Albert Marquet discovered Normandy in the summer of 1903 with his friend Henri Manguin, whom he had met twelve years earlier at the École des arts décoratifs and in the Paris studio where he often came to work. The two of them explored the coast and painted together in La Percaillerie, a hamlet in the commune of Les Pieux near Flamanville, in the Manche area, whose wild natural setting enthralled Marquet. Manguin had first come to La Percaillerie in 1896, and it was where he met Jeanne Marie Carette, whom he subsequently married. Marquet produced no fewer than 15 pictures during this stay. Most of them were painted outdoors, but they are known to include at least one indoor scene, Intérieur paysan à la Percaillerie (Peasant Interior in La Percaillerie). Three of these Norman pictures were exhibited in the very first Salon d’automne the same year, including one entitled La Barrière (The Gate), which may be the picture now in the Musée de Strasbourg.
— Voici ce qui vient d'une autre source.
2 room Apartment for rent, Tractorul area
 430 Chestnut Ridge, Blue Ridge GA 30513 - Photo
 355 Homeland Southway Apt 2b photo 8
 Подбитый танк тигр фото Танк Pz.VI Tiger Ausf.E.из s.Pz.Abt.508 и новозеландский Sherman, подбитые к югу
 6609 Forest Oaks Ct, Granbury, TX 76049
It is one of the few artworks in the series in which the sea is not present. The artist’s interest in limited colour palettes and concern with framing can already be felt. La Cheminée à la Percaillerie (The Chimney at La Percaillerie) reflects the painter’s interest, from the very beginning of his career, in industrial sites - in this case, the Diélette iron mine, recognizable by its tall brick chimney. The painting presages many pictures in which Marquet combines the sea or a river with an industrial site.